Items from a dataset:

▬▬▬

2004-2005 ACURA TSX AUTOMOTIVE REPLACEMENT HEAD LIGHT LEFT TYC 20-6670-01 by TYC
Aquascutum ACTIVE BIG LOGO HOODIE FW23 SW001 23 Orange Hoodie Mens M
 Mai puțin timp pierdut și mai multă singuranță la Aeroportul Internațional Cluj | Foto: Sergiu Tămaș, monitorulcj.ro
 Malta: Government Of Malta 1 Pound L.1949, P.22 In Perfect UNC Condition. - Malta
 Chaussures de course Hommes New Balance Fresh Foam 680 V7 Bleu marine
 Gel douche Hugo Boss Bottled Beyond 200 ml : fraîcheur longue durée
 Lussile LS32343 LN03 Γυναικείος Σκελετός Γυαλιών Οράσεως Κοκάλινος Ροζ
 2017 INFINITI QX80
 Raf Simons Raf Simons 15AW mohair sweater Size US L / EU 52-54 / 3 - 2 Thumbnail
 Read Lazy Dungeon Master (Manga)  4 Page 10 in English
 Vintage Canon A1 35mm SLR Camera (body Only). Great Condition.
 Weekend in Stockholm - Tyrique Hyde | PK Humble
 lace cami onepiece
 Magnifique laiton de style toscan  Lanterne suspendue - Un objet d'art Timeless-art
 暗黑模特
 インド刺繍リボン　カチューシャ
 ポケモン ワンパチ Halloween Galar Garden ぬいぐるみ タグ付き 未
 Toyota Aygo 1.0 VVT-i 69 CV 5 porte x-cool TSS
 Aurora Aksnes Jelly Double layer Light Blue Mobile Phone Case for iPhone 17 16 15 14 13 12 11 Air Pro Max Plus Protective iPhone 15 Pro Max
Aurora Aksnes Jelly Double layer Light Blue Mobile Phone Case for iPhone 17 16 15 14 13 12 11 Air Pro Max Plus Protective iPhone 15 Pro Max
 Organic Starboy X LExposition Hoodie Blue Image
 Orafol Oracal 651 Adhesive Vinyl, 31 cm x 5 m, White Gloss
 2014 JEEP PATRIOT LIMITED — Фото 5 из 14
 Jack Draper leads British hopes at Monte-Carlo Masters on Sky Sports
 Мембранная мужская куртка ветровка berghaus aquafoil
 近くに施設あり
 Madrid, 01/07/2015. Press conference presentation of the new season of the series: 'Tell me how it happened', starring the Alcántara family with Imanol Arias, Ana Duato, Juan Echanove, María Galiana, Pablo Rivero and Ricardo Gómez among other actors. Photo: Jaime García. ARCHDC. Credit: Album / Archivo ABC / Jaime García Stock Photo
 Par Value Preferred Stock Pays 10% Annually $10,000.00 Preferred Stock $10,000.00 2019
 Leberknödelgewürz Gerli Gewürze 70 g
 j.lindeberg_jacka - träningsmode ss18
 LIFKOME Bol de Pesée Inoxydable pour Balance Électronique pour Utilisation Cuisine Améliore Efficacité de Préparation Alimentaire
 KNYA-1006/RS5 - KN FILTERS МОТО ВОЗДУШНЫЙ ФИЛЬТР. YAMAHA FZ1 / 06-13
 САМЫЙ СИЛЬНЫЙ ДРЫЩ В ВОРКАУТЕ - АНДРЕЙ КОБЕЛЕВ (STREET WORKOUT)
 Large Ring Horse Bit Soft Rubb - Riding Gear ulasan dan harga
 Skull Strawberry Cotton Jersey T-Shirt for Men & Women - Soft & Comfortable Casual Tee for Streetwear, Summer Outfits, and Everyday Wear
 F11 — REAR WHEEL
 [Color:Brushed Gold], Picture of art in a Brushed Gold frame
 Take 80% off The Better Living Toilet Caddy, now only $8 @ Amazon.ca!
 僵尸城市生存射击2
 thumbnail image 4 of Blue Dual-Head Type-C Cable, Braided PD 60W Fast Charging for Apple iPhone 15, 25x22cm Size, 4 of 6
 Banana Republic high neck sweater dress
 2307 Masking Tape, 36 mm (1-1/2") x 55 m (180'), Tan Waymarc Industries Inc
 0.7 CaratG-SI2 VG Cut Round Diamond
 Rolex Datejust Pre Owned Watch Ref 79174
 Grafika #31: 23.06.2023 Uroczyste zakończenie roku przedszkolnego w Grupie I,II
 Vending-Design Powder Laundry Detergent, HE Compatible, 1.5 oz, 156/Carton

▬▬▬

Retype the records, line for line.

2004-2005 ACURA TSX AUTOMOTIVE REPLACEMENT HEAD LIGHT LEFT TYC 20-6670-01 by TYC
Aquascutum ACTIVE BIG LOGO HOODIE FW23 SW001 23 Orange Hoodie Mens M
 Mai puțin timp pierdut și mai multă singuranță la Aeroportul Internațional Cluj | Foto: Sergiu Tămaș, monitorulcj.ro
 Malta: Government Of Malta 1 Pound L.1949, P.22 In Perfect UNC Condition. - Malta
 Chaussures de course Hommes New Balance Fresh Foam 680 V7 Bleu marine
 Gel douche Hugo Boss Bottled Beyond 200 ml : fraîcheur longue durée
 Lussile LS32343 LN03 Γυναικείος Σκελετός Γυαλιών Οράσεως Κοκάλινος Ροζ
 2017 INFINITI QX80
 Raf Simons Raf Simons 15AW mohair sweater Size US L / EU 52-54 / 3 - 2 Thumbnail
 Read Lazy Dungeon Master (Manga)  4 Page 10 in English
 Vintage Canon A1 35mm SLR Camera (body Only). Great Condition.
 Weekend in Stockholm - Tyrique Hyde | PK Humble
 lace cami onepiece
 Magnifique laiton de style toscan  Lanterne suspendue - Un objet d'art Timeless-art
 暗黑模特
 インド刺繍リボン　カチューシャ
 ポケモン ワンパチ Halloween Galar Garden ぬいぐるみ タグ付き 未
 Toyota Aygo 1.0 VVT-i 69 CV 5 porte x-cool TSS
 Aurora Aksnes Jelly Double layer Light Blue Mobile Phone Case for iPhone 17 16 15 14 13 12 11 Air Pro Max Plus Protective iPhone 15 Pro Max
Aurora Aksnes Jelly Double layer Light Blue Mobile Phone Case for iPhone 17 16 15 14 13 12 11 Air Pro Max Plus Protective iPhone 15 Pro Max
 Organic Starboy X LExposition Hoodie Blue Image
 Orafol Oracal 651 Adhesive Vinyl, 31 cm x 5 m, White Gloss
 2014 JEEP PATRIOT LIMITED — Фото 5 из 14
 Jack Draper leads British hopes at Monte-Carlo Masters on Sky Sports
 Мембранная мужская куртка ветровка berghaus aquafoil
 近くに施設あり
 Madrid, 01/07/2015. Press conference presentation of the new season of the series: 'Tell me how it happened', starring the Alcántara family with Imanol Arias, Ana Duato, Juan Echanove, María Galiana, Pablo Rivero and Ricardo Gómez among other actors. Photo: Jaime García. ARCHDC. Credit: Album / Archivo ABC / Jaime García Stock Photo
 Par Value Preferred Stock Pays 10% Annually $10,000.00 Preferred Stock $10,000.00 2019
 Leberknödelgewürz Gerli Gewürze 70 g
 j.lindeberg_jacka - träningsmode ss18
 LIFKOME Bol de Pesée Inoxydable pour Balance Électronique pour Utilisation Cuisine Améliore Efficacité de Préparation Alimentaire
 KNYA-1006/RS5 - KN FILTERS МОТО ВОЗДУШНЫЙ ФИЛЬТР. YAMAHA FZ1 / 06-13
 САМЫЙ СИЛЬНЫЙ ДРЫЩ В ВОРКАУТЕ - АНДРЕЙ КОБЕЛЕВ (STREET WORKOUT)
 Large Ring Horse Bit Soft Rubb - Riding Gear ulasan dan harga
 Skull Strawberry Cotton Jersey T-Shirt for Men & Women - Soft & Comfortable Casual Tee for Streetwear, Summer Outfits, and Everyday Wear
 F11 — REAR WHEEL
 [Color:Brushed Gold], Picture of art in a Brushed Gold frame
 Take 80% off The Better Living Toilet Caddy, now only $8 @ Amazon.ca!
 僵尸城市生存射击2
 thumbnail image 4 of Blue Dual-Head Type-C Cable, Braided PD 60W Fast Charging for Apple iPhone 15, 25x22cm Size, 4 of 6
 Banana Republic high neck sweater dress
 2307 Masking Tape, 36 mm (1-1/2") x 55 m (180'), Tan Waymarc Industries Inc
 0.7 CaratG-SI2 VG Cut Round Diamond
 Rolex Datejust Pre Owned Watch Ref 79174
 Grafika #31: 23.06.2023 Uroczyste zakończenie roku przedszkolnego w Grupie I,II
 Vending-Design Powder Laundry Detergent, HE Compatible, 1.5 oz, 156/Carton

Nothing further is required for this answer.